Junctional adhesion molecule-A-induced endothelial cell migration on vitronectin is integrin {alpha}v{beta}3 specific


Meghna U. Naik and Ulhas P. Naik*
* Author for correspondence (e-mail: unaik{at}udel.edu)

Junctional adhesion molecule-A (JAM-A) is a member of the immunoglobulin superfamily, and is mainly expressed in the tight junctions of both epithelial and endothelial cells. We have recently shown that JAM-A is involved in basic fibroblast growth factor (bFGF)-induced angiogenesis. Here, we show that, when ectopically expressed in human umbilical vein endothelial cells (HUVECs), JAM-A induced enhanced cell migration on vitronectin, but had no effect on fibronectin. Use of antibodies that block integrin function indicated that the migration on vitronectin is specific to integrin {alpha}v{beta}3 and not to integrin {alpha}v{beta}5. JAM-A-induced migration was inhibited by anti-JAM-A antibody. Additionally, overexpression of a JAM-A cytoplasmic domain deletion mutant failed to induce HUVEC migration. Addition of phosphoinositide 3-kinase and protein kinase C inhibitors blocked JAM-A-induced migration, suggesting that these kinases act downstream of JAM-A. Immunoprecipitation analysis showed that JAM-A interacts with integrin {alpha}v{beta}3, and this association was increased by engagement of the ligand-binding site of the integrin by Arg-Gly-Asp-Ser (RGDS) peptide.
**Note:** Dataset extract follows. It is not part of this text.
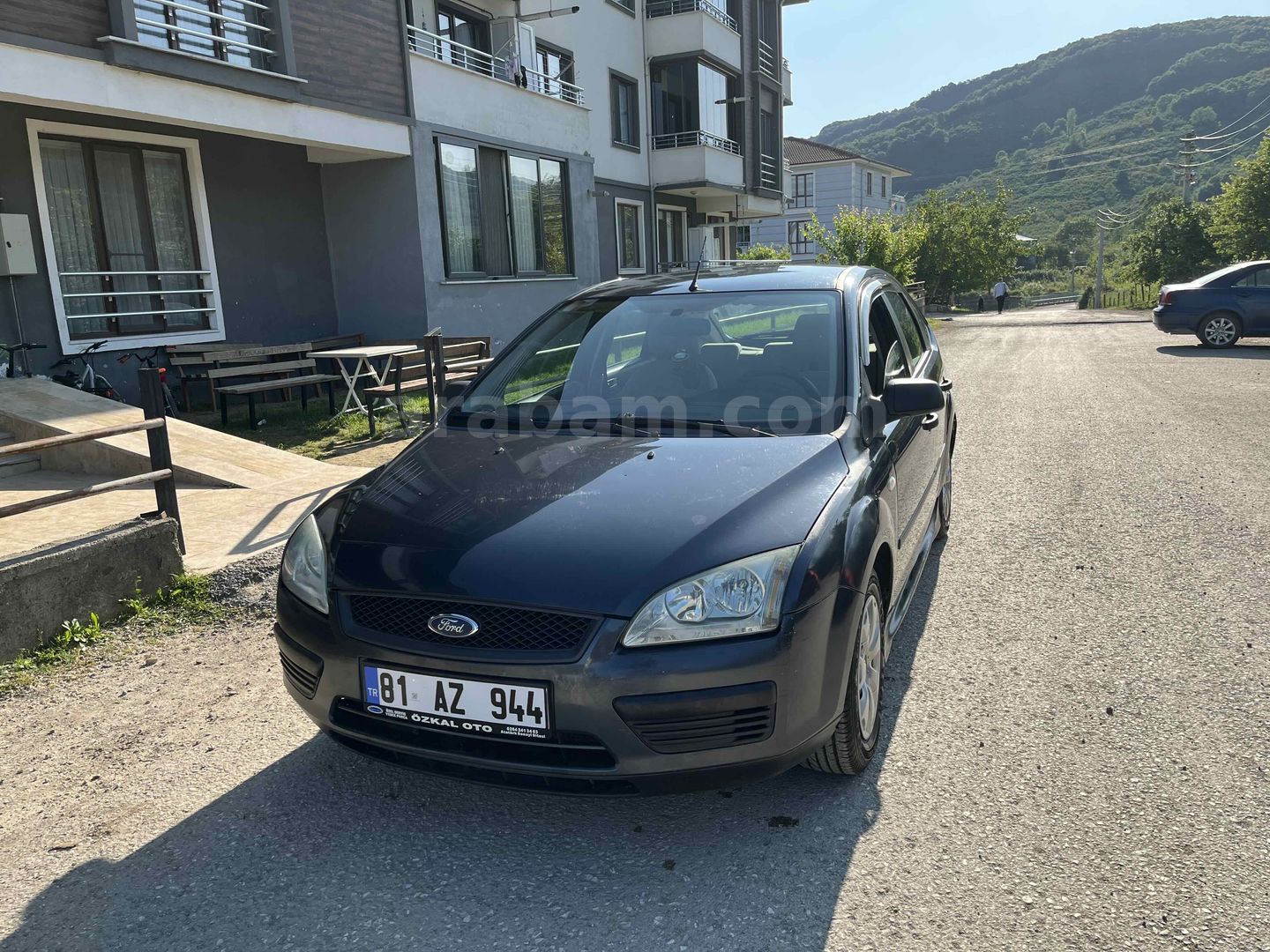 Sahibinden Ford Focus 1.6 Trend 2007 Model Düzce 300.000 km Füme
Furthermore, activation of both focal adhesion kinase (FAK) and mitogen-activated protein kinase (MAPK) on vitronectin was enhanced by JAM-A overexpression but not by its cytoplasmic domain deletion mutant. Taken together, these results suggest that signaling through JAM-A is necessary for {alpha}v{beta}3-dependent HUVEC migration and implicate JAM-A in the regulation of vascular function.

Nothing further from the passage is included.